Most of us have been at the sharp end of the ‘L word’ more than once and to have been so requires us to have first experienced the very reason that makes us take the risk. The alternative is the life of the comfortably numb. Is it therefore a panacea that we seek to give the person newly joining the brother- or sisterhood of the lachrymose succour or is it in fact ourselves we wish to reassure that such things have ultimately a karmic balance that will result in the end all our dreams coming true and all our fears being quashed? If by every emotional catastrophe of others we allow our own belief to be dented then from where can we draw our hope?
You may feel life has meaning and if so this may bring you a sense of order, of balance or at least of some reason. You may feel that fate has its plans, that there is a reason for everything and a path we are all destined to walk down. If, like me, you do not hold with any of those tenets then you have to look upon such events in life as being ones that do not resolve themselves and that we as humans are in fact naive to believe they will, not to mention rather self-indulgent in even thinking they should.

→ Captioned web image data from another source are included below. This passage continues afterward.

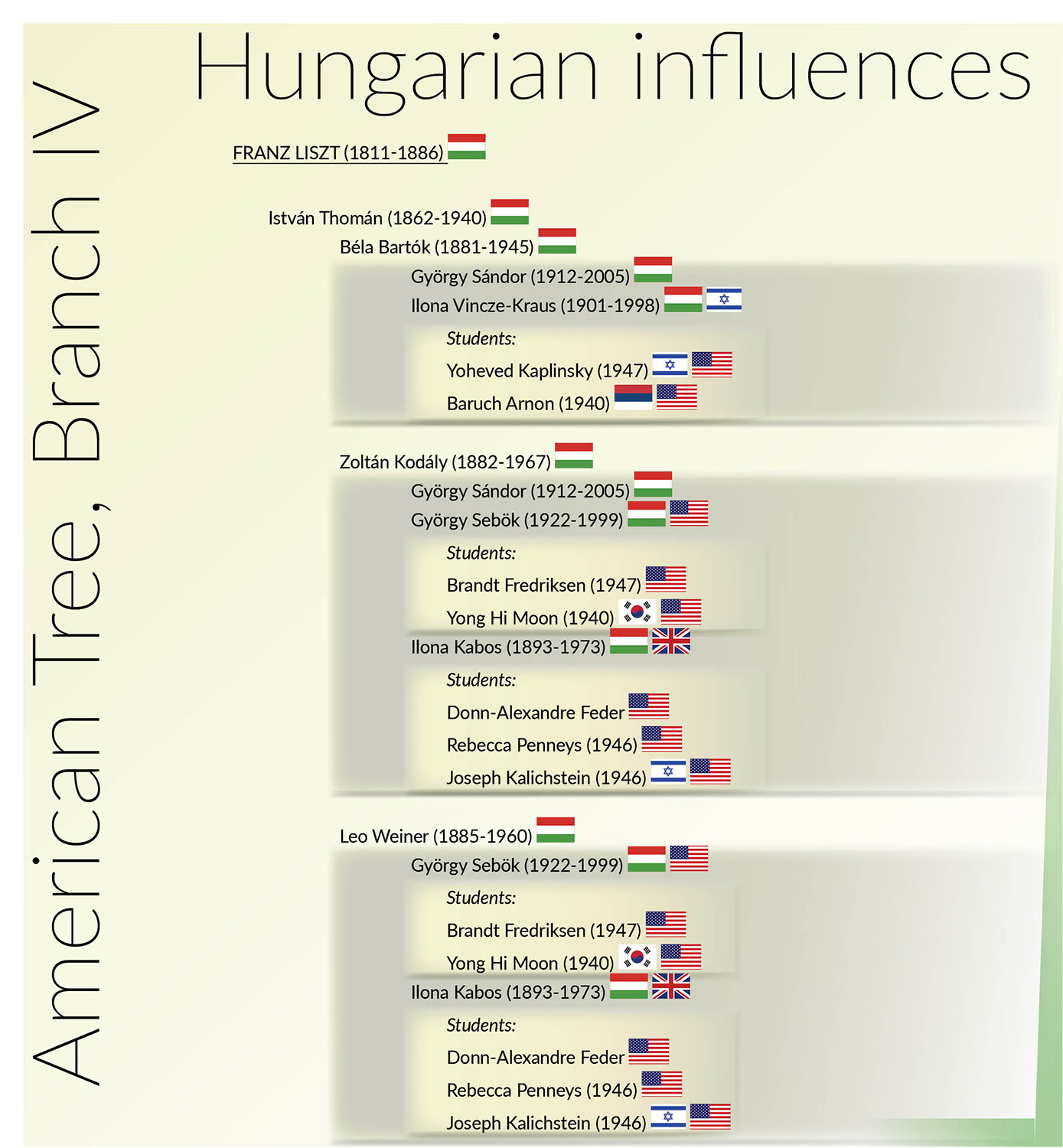 Diseño de Póster por stankovic001 para este proyecto | Diseño #8433068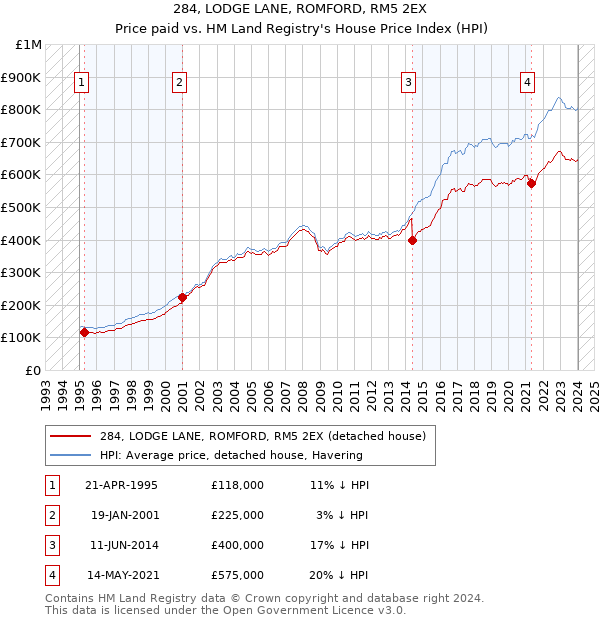 284, LODGE LANE, ROMFORD, RM5 2EX: Price paid vs HM Land Registry's House Price Index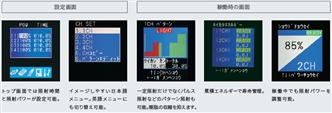 ZUVシリーズ 特長 25 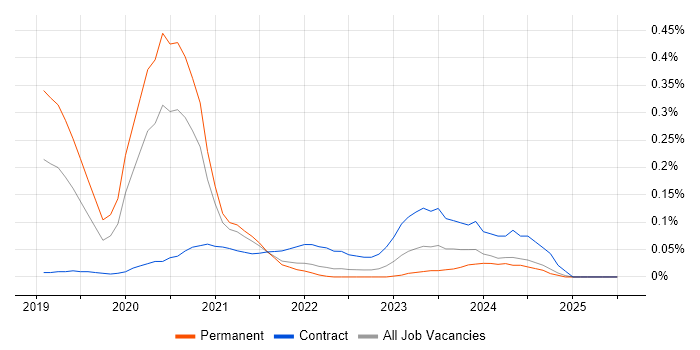 Job vacancy trend for IT4IT in the South West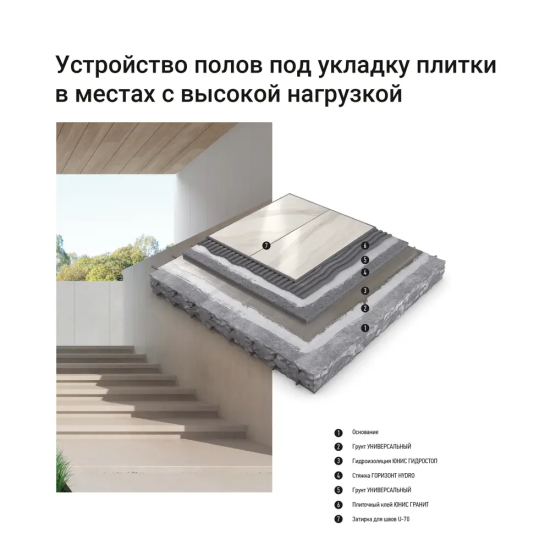 Клей для плитки C2T Unis Гранит 25 кг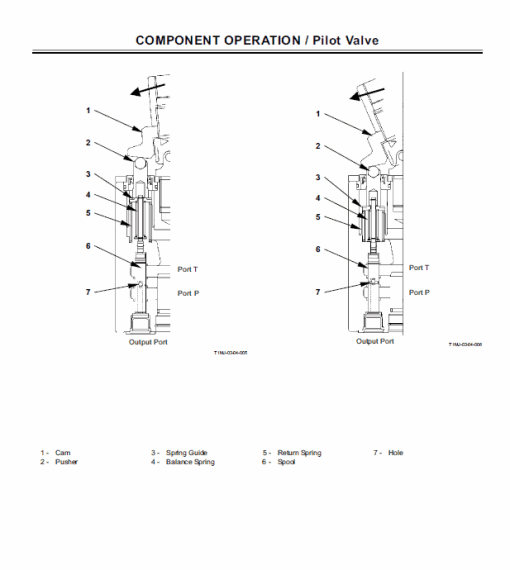 Hitachi Zaxis ZX27U-2, ZX30U-2, ZX35U-2 Excavator Service Repair Manual - Image 4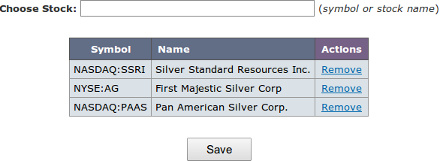 Portfolio Transactions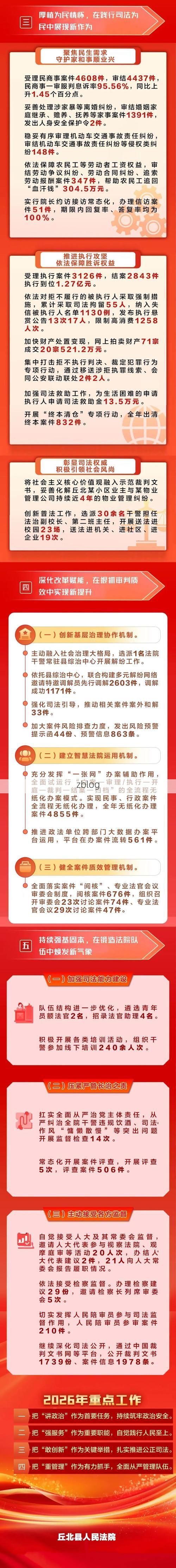 丘北县新增1例无症状感染者  丘北县疫情防控最新通报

Time does not heal it merely clots the wound, allows a scab to form and eventually, after perhaps some picking at it or the metaphorical application of salt by life events and/or people, to be left with a scar that no longer causes physical pain but reminds us of a time when we once felt it and the reasons we were wounded in the first place. If we are lucky it is scarred in a place that is not so often visible, if we are not then perhaps we will forever wince when something strays near the area, transporting us back to the spectre of what had caused us the pain the first time or maybe just the last time. Do we stop undertaking the activity that caused it in the first place? That rather depends on how much we enjoyed it, or what enticement there may be to do so again, but we will never be the same innocent participant as we were before, we will have protective clothing and be watching for the blade that cut us.
I am wounded and the blood is yet to clot, the pain is duller now as my brain has become more used to its ache and it has sought to release some endorphins to help me to function at all. I do not need platitudes I need morphine derivatives, anything else just seems either callous or patronising and neither of those are any more helpful than vacuous clichées!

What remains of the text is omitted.